Families in Japan must decide whether to stay or go
YOKOSUKA NAVAL BASE, Japan — Many families in Japan found themselves packed but with no place to go Friday as military commands waited for orders from higher commands that would begin a planned voluntary evacuation.
With uncertainty over when the military-assisted flights would begin, some families on their own began leaving behind the aftershocks and looming fears of radiation that have plagued Japan since the 9.0-magnitude earthquake struck on March 11.
Other families were still trying to collect information to make a decision on staying or leaving.
Anita White had little hesitation. A Navy spouse from Silverdale, Wash., she caught the 2:30 p.m. Friday shuttle with her children to Narita International Airport, even though they weren’t flying out until the next day.
“We were afraid the bus would be too full tomorrow,” said White.
White booked plane tickets Wednesday, a day before the military authorized voluntary evacuations. The most difficult part of remaining in Japan, she said, has been the confusion over exactly how much of a threat Yokosuka faces from the radiation coming from the Fukushima Dai-ichi nuclear power plant.

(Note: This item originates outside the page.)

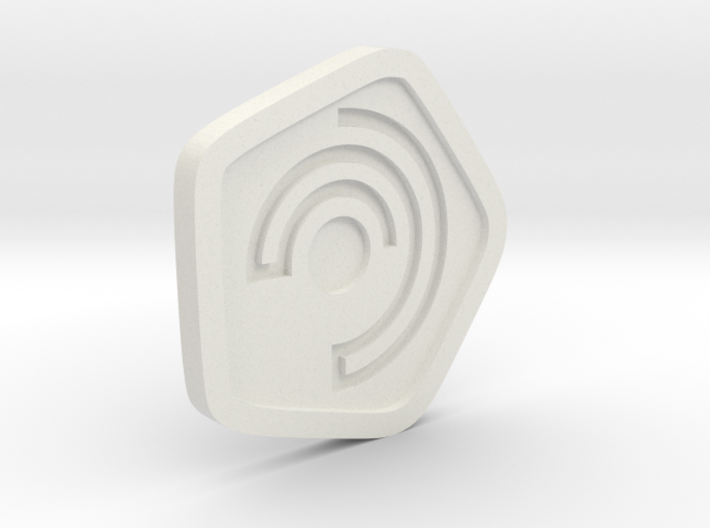 New Harmony Earrings | Flat Borders 3d printed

“Then there is also the uncertainty of when we’ll be able to come back,” she said.
White’s son, Nathan, 17, is a senior and hopes to graduate this year from Kinnick High School in Yokosuka, although those plans now seem less certain.
Laura Sheeks, a teacher at Naval Air Facility Atsugi, knew she would be among the last to be evacuated, because of a Friday order deeming her an essential employee. Instead, she decided to leave on her own.

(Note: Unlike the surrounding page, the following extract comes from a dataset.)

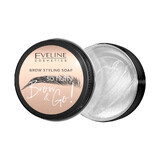 Eveline Cosmetics Brow &amp; Go, wenkbrauw styling zeep, 25 g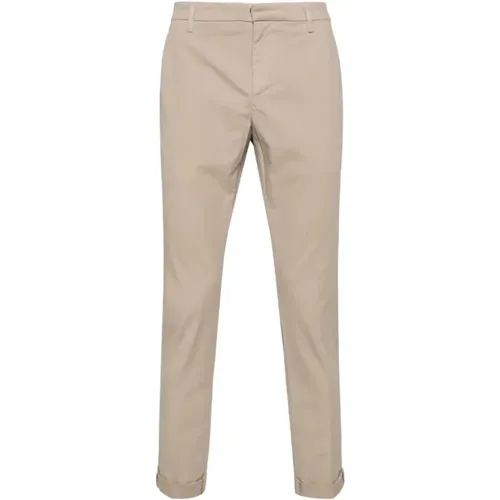 Stylish 018C Pant , male, Sizes: W29, W28, W33, W32, W30 - Dondup - Modalova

“If I stay here, I need to continue to be worried about the [nuclear] plant and more earthquakes,” she said. “I’ve had enough earthquakes.”
At Misawa Air Base in northern Japan, leaders told the base community they need to know how many family members plan to leave Japan under a voluntary evacuation program announced Thursday.

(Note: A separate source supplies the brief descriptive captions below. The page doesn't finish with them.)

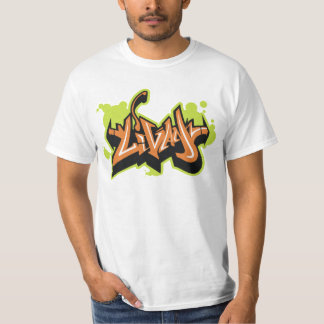 Livan Graffitipaintball-T - Shirt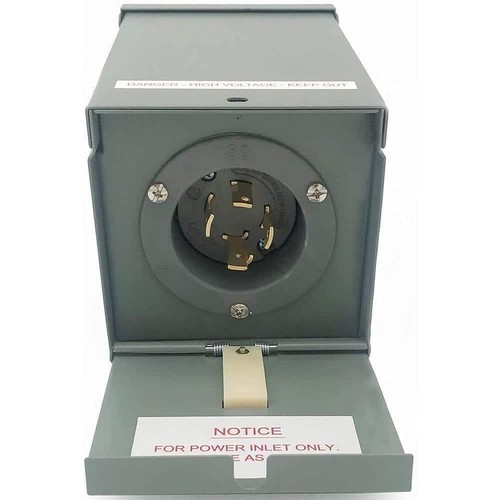 Scatola di aspirazione di potenza 30 Ampere (L1430) con coperchio - Foto 2 di 6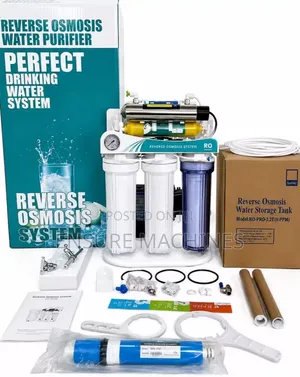 Household Reverse Osmosis - Under Sink Reverse Osmosis Machine With Uv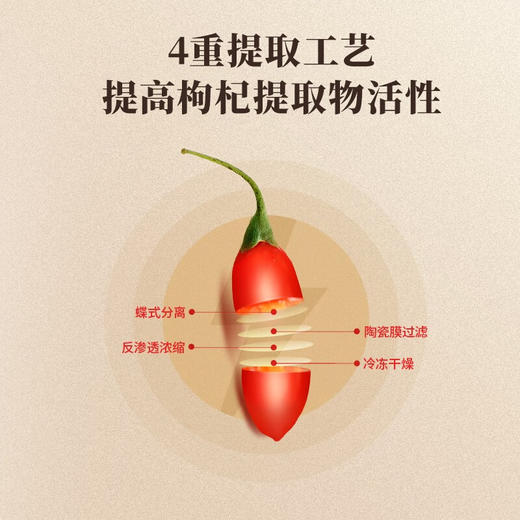 90g金杞力牌枸杞提取物颗粒 商品图5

Col. Michael Rothstein, commander of the 35th Fighter Wing, spent about an hour on the radio Friday explaining the voluntary evacuation plan. Rothstein said those wishing to leave need to immediately provide their names through their commands so Misawa can request air support.
“I’ve got to get that list of names and list of numbers,” Rothstein said. “You can’t wait to decide.”
Officials said they still don’t have details on when the flights might leave.
Rothstein said that family members can expect to make an interim stop at a military base in the region — possibly Guam, Okinawa, South Korea or Alaska — before continuing on to a final destination of their choosing in the United States. He said the current plan is to have families return to Misawa within about 30 days, but those traveling should plan for the possibility of being away longer than that.
Rothstein answered several questions from community members, including what the colonel intended to do with his own family.
He said he’s leaning toward keeping his family in Misawa, but planned to sit down with his wife before finalizing his decision.
“I’m not confident that I’m making the right decision,” he said. “That’s as honest as I can be.”
An occupational and public health expert who has studied radiation effects says that military officials in Japan should create a single, central source of information — just as the Centers for Disease Control and Prevention did in years past during the anthrax attacks and H1N1 flu scare.
“It would really help people if they knew at 12 o’clock today, I’ll get an update on e-mail or Twitter ... that has the best, latest information about health concerns,” said Lewis Pepper, a professor at Boston University School of Public Health.
Because that information will be complex data on radiation levels and types of radionucleotides present, expert interpretation is needed.
“You can’t just dump millirems and millisieverts on people,” he said. “You need qualified people to interpret it.”
Pepper said his best reading of the data available in the United States is that people on U.S. bases are far enough away from the stricken Fukushima nuclear plant to take a wait-and-see attitude.
The fact that the situation could worsen, however, may be too much for some.
“If individuals feel they can’t tolerate the psychological stress of it, and many people just can’t, they should leave,” he said.
Stars and Stripes reporters T.D. Flack at Misawa Air Base, Grant Okubo at Naval Air Facility Atsugi and Chris Carroll in Washington contributed to this report.